>>>>

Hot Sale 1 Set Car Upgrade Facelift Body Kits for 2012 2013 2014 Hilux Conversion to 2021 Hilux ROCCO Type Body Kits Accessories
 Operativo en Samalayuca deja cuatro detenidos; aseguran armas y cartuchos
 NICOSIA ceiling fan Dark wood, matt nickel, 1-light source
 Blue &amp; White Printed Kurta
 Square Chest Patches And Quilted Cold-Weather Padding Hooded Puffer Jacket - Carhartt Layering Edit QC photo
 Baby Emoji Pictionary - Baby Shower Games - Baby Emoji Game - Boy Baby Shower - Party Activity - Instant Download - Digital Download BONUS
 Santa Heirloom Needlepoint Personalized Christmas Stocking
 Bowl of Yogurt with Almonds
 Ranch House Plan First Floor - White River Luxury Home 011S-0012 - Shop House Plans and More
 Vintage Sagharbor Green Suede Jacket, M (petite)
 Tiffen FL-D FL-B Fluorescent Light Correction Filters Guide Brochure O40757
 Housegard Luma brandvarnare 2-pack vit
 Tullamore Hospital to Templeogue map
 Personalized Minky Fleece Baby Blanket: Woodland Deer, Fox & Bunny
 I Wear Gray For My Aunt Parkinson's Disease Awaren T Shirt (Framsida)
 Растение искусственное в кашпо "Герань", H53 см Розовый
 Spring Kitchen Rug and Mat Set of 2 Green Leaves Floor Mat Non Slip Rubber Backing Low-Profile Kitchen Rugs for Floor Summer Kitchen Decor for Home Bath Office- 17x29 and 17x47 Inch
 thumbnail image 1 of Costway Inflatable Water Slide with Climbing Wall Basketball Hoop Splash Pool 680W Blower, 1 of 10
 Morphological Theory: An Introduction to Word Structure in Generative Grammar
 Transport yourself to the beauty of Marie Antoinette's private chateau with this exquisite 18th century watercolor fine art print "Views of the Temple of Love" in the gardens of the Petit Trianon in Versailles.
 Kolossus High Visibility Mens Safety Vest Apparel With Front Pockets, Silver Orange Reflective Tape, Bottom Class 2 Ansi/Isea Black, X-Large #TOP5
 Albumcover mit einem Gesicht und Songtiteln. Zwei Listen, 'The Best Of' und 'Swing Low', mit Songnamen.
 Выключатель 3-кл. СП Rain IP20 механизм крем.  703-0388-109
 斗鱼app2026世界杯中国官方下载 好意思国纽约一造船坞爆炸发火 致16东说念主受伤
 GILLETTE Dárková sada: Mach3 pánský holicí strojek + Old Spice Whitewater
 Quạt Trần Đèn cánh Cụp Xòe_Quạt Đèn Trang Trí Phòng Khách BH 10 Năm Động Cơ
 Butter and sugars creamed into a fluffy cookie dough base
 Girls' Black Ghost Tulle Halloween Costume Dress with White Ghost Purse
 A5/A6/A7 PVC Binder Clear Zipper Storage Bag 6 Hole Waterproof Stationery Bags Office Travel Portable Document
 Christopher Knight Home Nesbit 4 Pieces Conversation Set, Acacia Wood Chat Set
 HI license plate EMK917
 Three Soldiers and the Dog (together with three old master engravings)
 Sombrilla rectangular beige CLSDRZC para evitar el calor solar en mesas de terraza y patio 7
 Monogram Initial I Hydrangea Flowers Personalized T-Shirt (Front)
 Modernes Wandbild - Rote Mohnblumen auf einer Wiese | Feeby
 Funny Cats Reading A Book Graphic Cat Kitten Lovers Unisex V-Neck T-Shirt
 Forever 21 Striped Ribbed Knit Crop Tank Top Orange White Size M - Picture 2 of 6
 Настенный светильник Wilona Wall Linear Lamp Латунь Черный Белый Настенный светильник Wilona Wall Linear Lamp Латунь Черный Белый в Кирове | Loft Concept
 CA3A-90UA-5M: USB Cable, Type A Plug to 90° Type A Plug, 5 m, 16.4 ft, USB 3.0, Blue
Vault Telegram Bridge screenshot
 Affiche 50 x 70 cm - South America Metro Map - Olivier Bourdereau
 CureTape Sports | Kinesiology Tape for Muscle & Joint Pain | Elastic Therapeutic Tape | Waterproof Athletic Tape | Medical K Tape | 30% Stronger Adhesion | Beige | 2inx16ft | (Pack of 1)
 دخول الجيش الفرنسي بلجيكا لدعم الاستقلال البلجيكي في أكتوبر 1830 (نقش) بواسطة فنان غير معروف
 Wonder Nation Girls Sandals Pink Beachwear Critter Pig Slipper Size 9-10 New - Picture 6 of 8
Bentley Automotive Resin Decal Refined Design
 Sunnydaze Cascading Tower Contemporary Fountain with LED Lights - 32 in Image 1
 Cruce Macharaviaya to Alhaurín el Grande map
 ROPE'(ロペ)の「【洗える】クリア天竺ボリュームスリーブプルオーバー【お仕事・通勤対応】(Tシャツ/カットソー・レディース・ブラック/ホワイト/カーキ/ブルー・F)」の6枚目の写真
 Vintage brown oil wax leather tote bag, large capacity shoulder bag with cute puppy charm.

<<<<

• Work instruction: Transcribe the records above in full, exactly as they stand.

• Solution:
Hot Sale 1 Set Car Upgrade Facelift Body Kits for 2012 2013 2014 Hilux Conversion to 2021 Hilux ROCCO Type Body Kits Accessories
 Operativo en Samalayuca deja cuatro detenidos; aseguran armas y cartuchos
 NICOSIA ceiling fan Dark wood, matt nickel, 1-light source
 Blue &amp; White Printed Kurta
 Square Chest Patches And Quilted Cold-Weather Padding Hooded Puffer Jacket - Carhartt Layering Edit QC photo
 Baby Emoji Pictionary - Baby Shower Games - Baby Emoji Game - Boy Baby Shower - Party Activity - Instant Download - Digital Download BONUS
 Santa Heirloom Needlepoint Personalized Christmas Stocking
 Bowl of Yogurt with Almonds
 Ranch House Plan First Floor - White River Luxury Home 011S-0012 - Shop House Plans and More
 Vintage Sagharbor Green Suede Jacket, M (petite)
 Tiffen FL-D FL-B Fluorescent Light Correction Filters Guide Brochure O40757
 Housegard Luma brandvarnare 2-pack vit
 Tullamore Hospital to Templeogue map
 Personalized Minky Fleece Baby Blanket: Woodland Deer, Fox & Bunny
 I Wear Gray For My Aunt Parkinson's Disease Awaren T Shirt (Framsida)
 Растение искусственное в кашпо "Герань", H53 см Розовый
 Spring Kitchen Rug and Mat Set of 2 Green Leaves Floor Mat Non Slip Rubber Backing Low-Profile Kitchen Rugs for Floor Summer Kitchen Decor for Home Bath Office- 17x29 and 17x47 Inch
 thumbnail image 1 of Costway Inflatable Water Slide with Climbing Wall Basketball Hoop Splash Pool 680W Blower, 1 of 10
 Morphological Theory: An Introduction to Word Structure in Generative Grammar
 Transport yourself to the beauty of Marie Antoinette's private chateau with this exquisite 18th century watercolor fine art print "Views of the Temple of Love" in the gardens of the Petit Trianon in Versailles.
 Kolossus High Visibility Mens Safety Vest Apparel With Front Pockets, Silver Orange Reflective Tape, Bottom Class 2 Ansi/Isea Black, X-Large #TOP5
 Albumcover mit einem Gesicht und Songtiteln. Zwei Listen, 'The Best Of' und 'Swing Low', mit Songnamen.
 Выключатель 3-кл. СП Rain IP20 механизм крем.  703-0388-109
 斗鱼app2026世界杯中国官方下载 好意思国纽约一造船坞爆炸发火 致16东说念主受伤
 GILLETTE Dárková sada: Mach3 pánský holicí strojek + Old Spice Whitewater
 Quạt Trần Đèn cánh Cụp Xòe_Quạt Đèn Trang Trí Phòng Khách BH 10 Năm Động Cơ
 Butter and sugars creamed into a fluffy cookie dough base
 Girls' Black Ghost Tulle Halloween Costume Dress with White Ghost Purse
 A5/A6/A7 PVC Binder Clear Zipper Storage Bag 6 Hole Waterproof Stationery Bags Office Travel Portable Document
 Christopher Knight Home Nesbit 4 Pieces Conversation Set, Acacia Wood Chat Set
 HI license plate EMK917
 Three Soldiers and the Dog (together with three old master engravings)
 Sombrilla rectangular beige CLSDRZC para evitar el calor solar en mesas de terraza y patio 7
 Monogram Initial I Hydrangea Flowers Personalized T-Shirt (Front)
 Modernes Wandbild - Rote Mohnblumen auf einer Wiese | Feeby
 Funny Cats Reading A Book Graphic Cat Kitten Lovers Unisex V-Neck T-Shirt
 Forever 21 Striped Ribbed Knit Crop Tank Top Orange White Size M - Picture 2 of 6
 Настенный светильник Wilona Wall Linear Lamp Латунь Черный Белый Настенный светильник Wilona Wall Linear Lamp Латунь Черный Белый в Кирове | Loft Concept
 CA3A-90UA-5M: USB Cable, Type A Plug to 90° Type A Plug, 5 m, 16.4 ft, USB 3.0, Blue
Vault Telegram Bridge screenshot
 Affiche 50 x 70 cm - South America Metro Map - Olivier Bourdereau
 CureTape Sports | Kinesiology Tape for Muscle & Joint Pain | Elastic Therapeutic Tape | Waterproof Athletic Tape | Medical K Tape | 30% Stronger Adhesion | Beige | 2inx16ft | (Pack of 1)
 دخول الجيش الفرنسي بلجيكا لدعم الاستقلال البلجيكي في أكتوبر 1830 (نقش) بواسطة فنان غير معروف
 Wonder Nation Girls Sandals Pink Beachwear Critter Pig Slipper Size 9-10 New - Picture 6 of 8
Bentley Automotive Resin Decal Refined Design
 Sunnydaze Cascading Tower Contemporary Fountain with LED Lights - 32 in Image 1
 Cruce Macharaviaya to Alhaurín el Grande map
 ROPE'(ロペ)の「【洗える】クリア天竺ボリュームスリーブプルオーバー【お仕事・通勤対応】(Tシャツ/カットソー・レディース・ブラック/ホワイト/カーキ/ブルー・F)」の6枚目の写真
 Vintage brown oil wax leather tote bag, large capacity shoulder bag with cute puppy charm.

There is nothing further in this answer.